Now in life's twilight, many of them get together each afternoon for lunch at senior citizen centers; others live in high-rise apartments for the elderly.
At hundreds of these gatherings across the state, this is the season of grandchild-crayoned Halloween goblins, pastry-bearing political candidates - and dollops of campaign rhetoric.
Shortly before noon Tuesday at City View Manor, the aroma of baking fish filled the big dining room.
Playing headwaiter was Democratic U.S. Sen. Jack Reed, who announced that lunch would be lemon-pepper haddock. Then Reed fervently urged the elderly voters to support fellow Democrat Sheldon Whitehouse for U.S. Senate.

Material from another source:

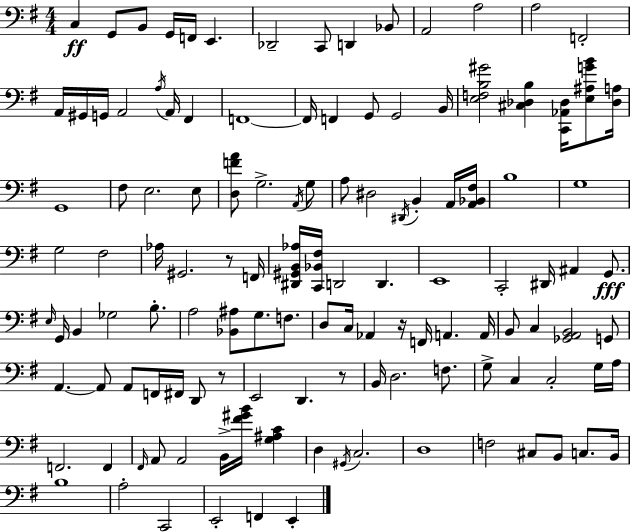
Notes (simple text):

C3/q G2/e B2/e G2/s F2/s E2/q. Db2/h C2/e D2/q Bb2/e A2/h A3/h A3/h F2/h A2/s G#2/s G2/s A2/h A3/s A2/s F#2/q F2/w F2/s F2/q G2/e G2/h B2/s [E3,F3,B3,G#4]/h [C#3,Db3,B3]/q [C2,Ab2,Db3]/s [E3,A#3,G4,B4]/e [Db3,A3]/s G2/w F#3/e E3/h. E3/e [D3,F4,A4]/e G3/h. A2/s G3/e A3/e D#3/h D#2/s B2/q A2/s [A2,Bb2,F#3]/s B3/w G3/w G3/h F#3/h Ab3/s G#2/h. R/e F2/s [D#2,G#2,B2,Ab3]/s [C2,Bb2,F#3]/s D2/h D2/q. E2/w C2/h D#2/s A#2/q G2/e. E3/s G2/s B2/q Gb3/h B3/e. A3/h [Bb2,A#3]/e G3/e. F3/e. D3/e C3/s Ab2/q R/s F2/s A2/q. A2/s B2/e C3/q [Gb2,A2,B2]/h G2/e A2/q. A2/e A2/e F2/s F#2/s D2/e R/e E2/h D2/q. R/e B2/s D3/h. F3/e. G3/e C3/q C3/h G3/s A3/s F2/h. F2/q F#2/s A2/e A2/h B2/s [F#4,G#4,B4]/s [G3,A#3,C4]/q D3/q G#2/s C3/h. D3/w F3/h C#3/e B2/e C3/e. B2/s B3/w A3/h C2/h E2/h F2/q E2/q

This banter comes easily to Reed; he is the Roman Catholic working-class son of Cranston, whose mother, he reminds the East Providence crowd, punched a cash register at the Rose Furniture store nearby.
Whitehouse, son and grandson of moneyed Protestant Yankee diplomats, molded by fancy prep schools and summers in Newport, has had to work diligently over the years to learn the mores of meet-and-greet retail politics in a state where blue-collar attitudes and ethnic rivalries once dominated elections.